Una cosa es saber y otra es entender. Por ejemplo, sé que Einstein elaboró la teoría de la relatividad, pero no la entiendo, en el sentido de poder explicar con propiedad su contenido e implicaciones. Uso este ejemplo para plantear el tema que quiero tratar hoy, que nada tiene que ver con física ni matemática sino con la vida diaria: en Costa Rica sabemos lo que una acera es, pero no entendemos su importancia para el funcionamiento de las ciudades ni, por supuesto, de su importancia para la salud pública.
Una acera es, según la Real Academia, “orillas de calle, generalmente enlosadas, destinadas al tránsito de la gente de a pie”. Me dirán ustedes: “¿Y quién no sabe eso?” A juzgar por los hechos, muy pocas personas en este país entienden el concepto. En muchas calles –sino la mayoría–, las aceras se encuentran en pésimo estado, irregulares, llenas de desniveles, discontinuas: son verdaderas trampas para peatones y caminos imposibles para los discapacitados. En ocasiones, las casas se abalanzan hasta la misma cinta asfáltica, tirando a los peatones a la calle. Además, los choferes estilan subir los autos en las aceras, supongo que para marcar territorio, como los perritos. Y todo eso cuando hay aceras.

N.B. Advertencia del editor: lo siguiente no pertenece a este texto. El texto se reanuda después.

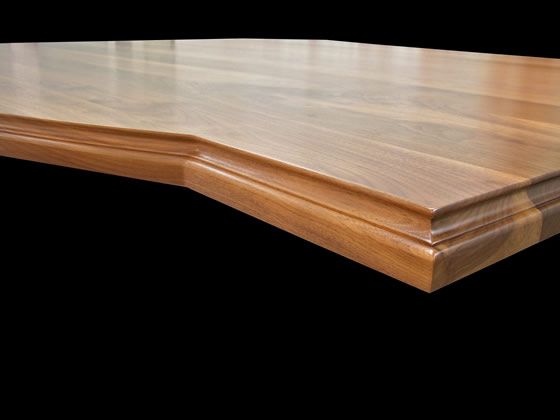 A close up of a wooden table with a black background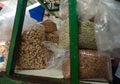 Assorted nuts in clear bags at a market stall displaying almonds and peanuts Royalty Free Stock Photo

Pueblos, ciudades y barrios sin aceras en buen estado, o sin aceras del todo, son un indicador de una paupérrima cultura urbanística que ricos encopetados y pobres de solemnidad comparten, una que ve a los peatones con desprecio y propicia accidentes de todo tipo. Además, como para evitar malmatarse, todos caminamos con la vista clavada en el piso, nadie aprecia las horribluras urbanas que tenemos. Sin embargo, una ciudad con aceras anchas y bien atendidas no solo es estéticamente agradable, sino que propicia sitios de encuentro, de tertulia, de construcción de sentido de comunidad.

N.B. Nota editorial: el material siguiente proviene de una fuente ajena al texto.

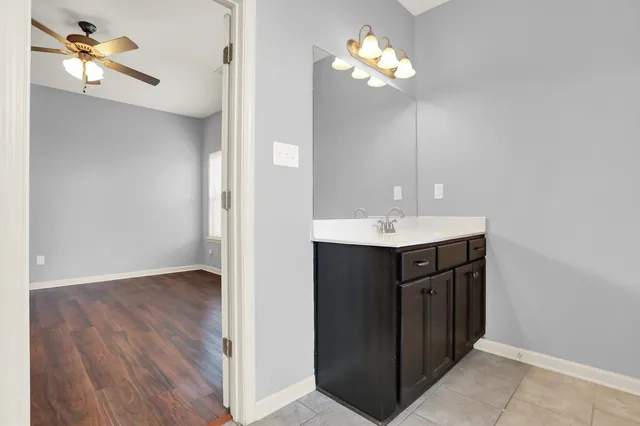 a view of an empty room with window a ceiling fan and wooden floor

¿Por qué no entendemos la importancia de tener buenas aceras? Quizá la pregunta sea otra: ¿por qué nos hacemos los chanchos? Me atrevo a especular: por una mezcla de gente angurrienta, que escamotea la obligación legal de tener una buena acera, y de desidia pública, del desinterés de las municipalidades para exigir a vecinos, empresas e instituciones cumplir su responsabilidad. Sobre todo, creo que hay un factor subyacente: a diferencia de otras culturas que viven en ciudades desde hace centenares o miles de años, los costarricenses no entienden que una urbe exige ciertos códigos y obligaciones de convivencia. Creen que una ciudad es un amontonamiento de gente y nada más; mentalmente viven aún en el tiempo. Mientras nos enteramos de que va el asunto, las horribles y cochinas aceras nuestras, cuando las hay, seguirán siendo un elocuente testimonio de nuestra pequeñez.